I don’t care. I don’t do my work for them.
“And … what do you call this piece?” asks Linus, his words spilling out from lips I can’t see through the mess of his big orange beard.
“Pussy,” I answer.
Two boys titter in the front near Iris. Someone else giggles, a girl in the fifth row. Some guy in the back says, “Amazing,” but I don’t bother to identify him. I’m just ready for this critique to end so I can take my work back to my desk and get started on the next one.
Linus takes a step forward, doing his usual routine to engage the class in offering their so-called constructive criticism. “Would anyone like to—?”
“It’s very …” interrupts Garnet, whose face is nearly missing behind her curtain of brown, knotted hair, “sexual …?”
“Yes, right,” agrees Linus. “It’s … well, it’s quite an interpretation of the assignment, to say the least.”
“I thought we were supposed to draw a cat,” someone mumbles.
“It is a cat,” Garnet retorts, squinting at my work, leaning so far forward that the desk creaks beneath her weight.
“A cat with big human boobies,” says a bigmouthed guy, fascinated.
“And her legs are parted,” someone else puts in, recoiling.
The comments keep coming like tennis balls, back and forth.
“She looks like the billboard graphic to some cat brothel in … in, like, some parallel world run by cats.”

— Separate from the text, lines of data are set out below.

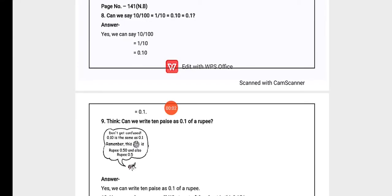Hello Grade 5 students, welcome back to your maths class. In this video we'll continue with explanation and textual exercise portion of Chapter 10 — 10s and 100s — on page number 141. We have some questions. Question number 8.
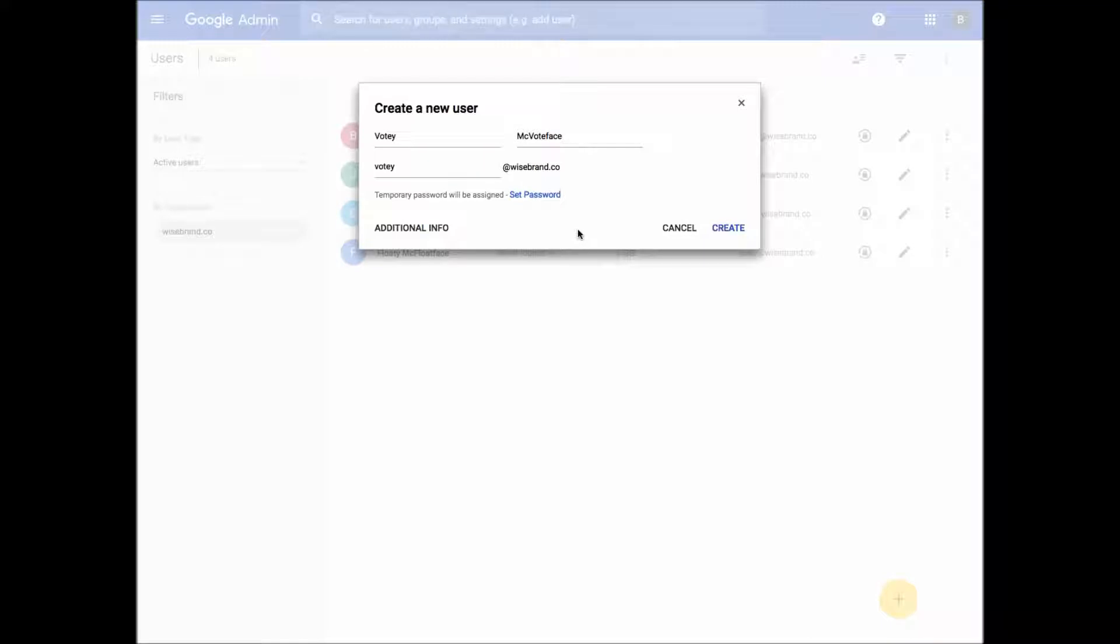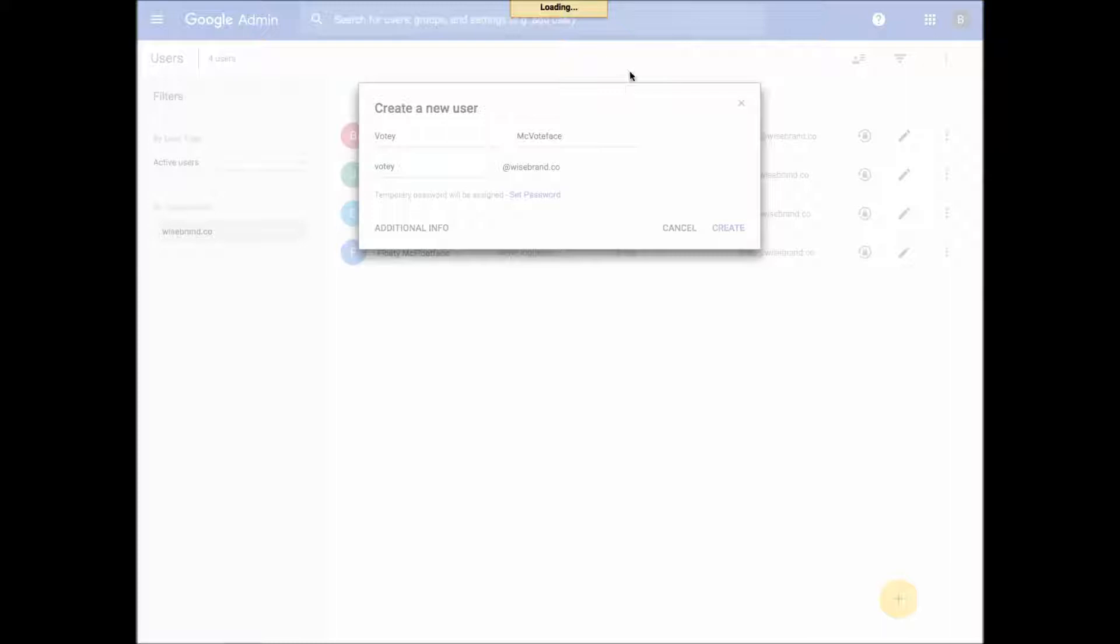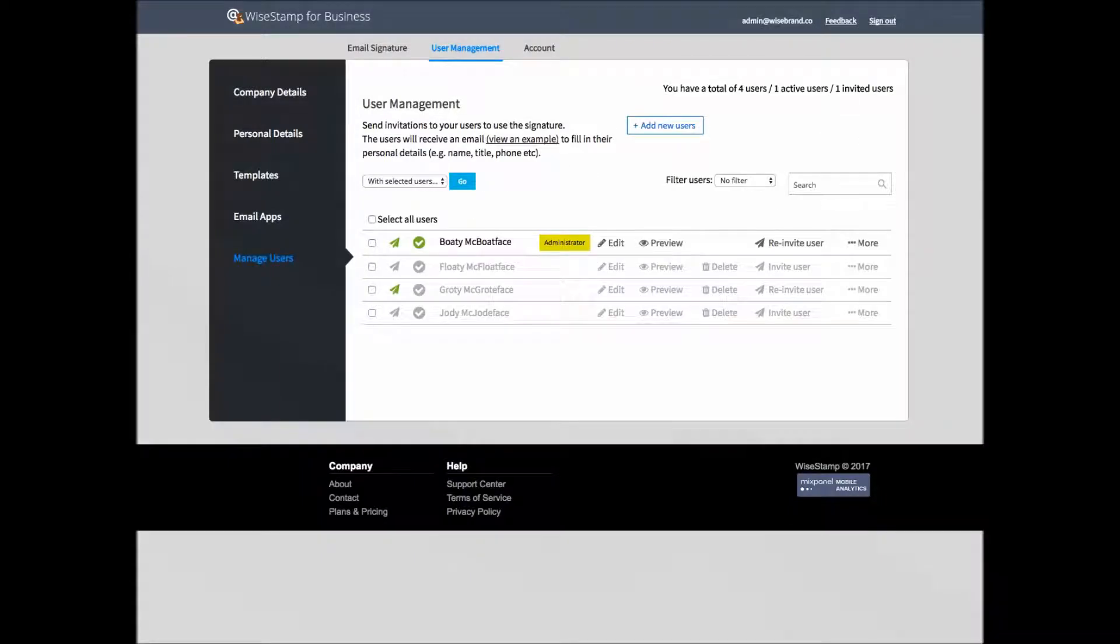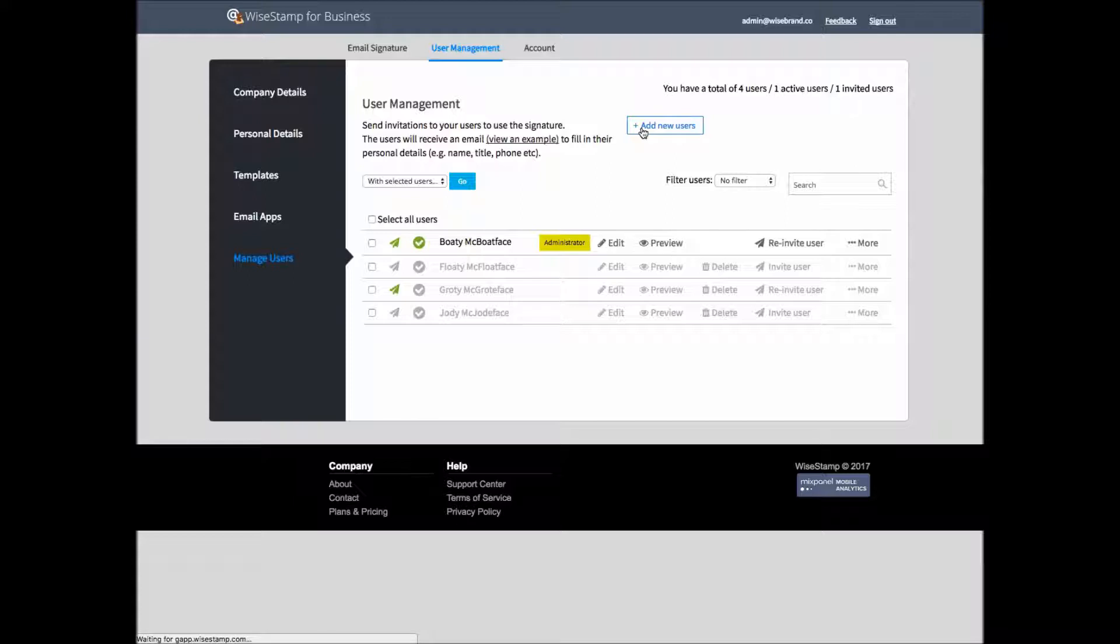If you just added a new user to your Google Apps account and you need that user to appear on your user list in WiseStamp, just go to your user management page and click the Add New Users button after you've added them to your Google Apps account.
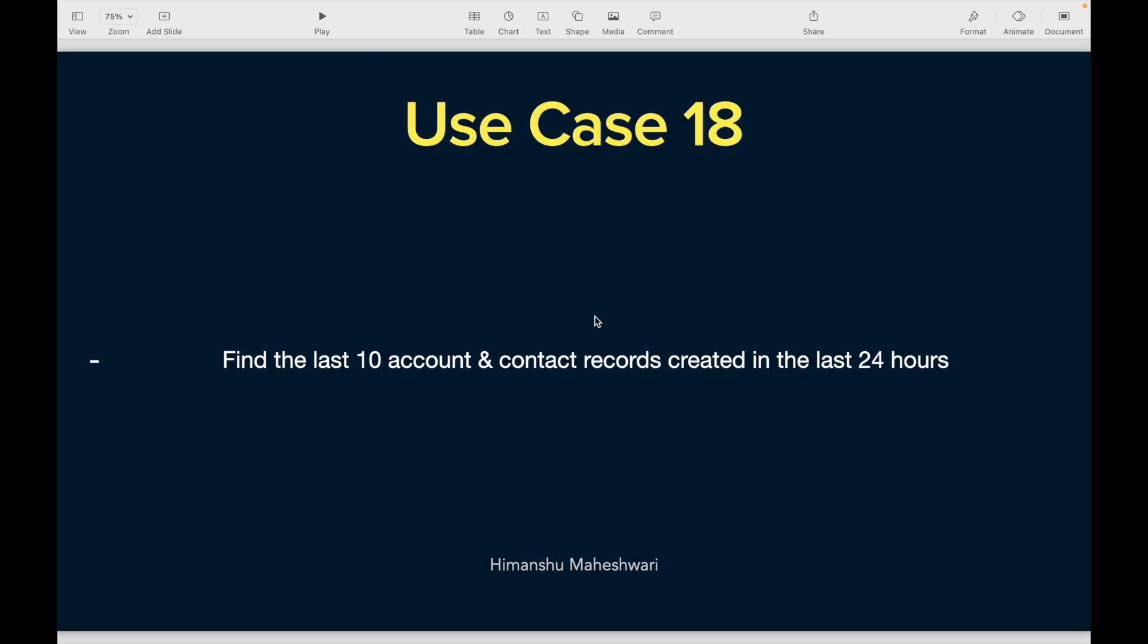Hey everyone, welcome back to another video of Salesforce Makes Sense. In this video we are going to discuss use case number 18: find the last 10 account and contact records created in the last 24 hours.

“Is that nail polish on her claws? I can’t tell.”
“It’s like Playboy Cat.”
“It makes me feel sad, actually,” offers a guy with three nose rings whose voice is as small as a sigh. “Cat can’t pay rent. Resorts to catcalls on the cat corner with the other cat prostitutes.”
A girl with a nasally voice speaks up from the middle of the room. “No, this is something else. Something political. Feminist? Or it’s like, scrolling through hundreds of cat pics on Facebook, and … Or maybe it’s about how everything’s commercial now. Advertising. Billboards.”
“Everything is sex, sex, sex,” someone adds, picking up on her vein in agreement.
“If we could sexualize natural disasters and monetize every tragedy that goes down in the world …”
Linus, through all the commentary, seems to visibly gather patience before addressing them. “What do you think about her technique?” he offers, guiding the critique with shifting eyes. “Is there, perhaps, some way she might have better conveyed her message? Is there anything you see that deters from that message?”
I love how effectively my Pussy caught him off-guard. And while the class continues to pull my work apart, arguing about what I’m trying to say or what my boob-bearing cat means, I find my mind wandering to a picture I remember presenting my sixth grade art class. I wore a bright green dress that day and I smiled proudly when the teacher praised me in front of the room for my watercolor painting of a girl hugging an enormous dog by her side. Even sitting, the big white dog still towered over the girl. It was a beautiful picture, and if the bitches on the bus hadn’t torn it apart, I might’ve framed it when I got home. When my mom asked where my project had gone, I lied and said the teacher loved it so much, she kept it and framed it in the classroom.
Here I am, standing in front of a class and totally not protecting anyone’s feelings anymore.
“My problem is, it’s too fucking obvious.”
Everyone’s heads turn at the criticism, which had come from pink-haired Iris in the front. Her arms are crossed, legs are crossed, and eyes are squinted in mild scrutiny.
“Care to expound?” offers the professor.
She starts expounding before he even finishes the question. “It’s so literal. Cat. Sex. Boobs. Great, thank you, my mind is so stimulated. Where’s the creativity? Where’s the originality? I swear I saw a meme of this very thing in my Twitter feed last night.”
“Let’s be constructive,” Linus coaches her. “How do you feel she might have better conveyed—”
“I’m not going to do the work for her,” blurts Iris, crossing her legs the other way.
I pay her words as much mind as they deserve: none.
Linus itches his beard, studying my work. “Perhaps this picture is … providing us with the problem. And maybe what it lacks is a solution.”
I can’t mask the smirk that comes over my face. “Solution?”
“Your picture …”
“Pussy,” I correct him, because he might as well say the name.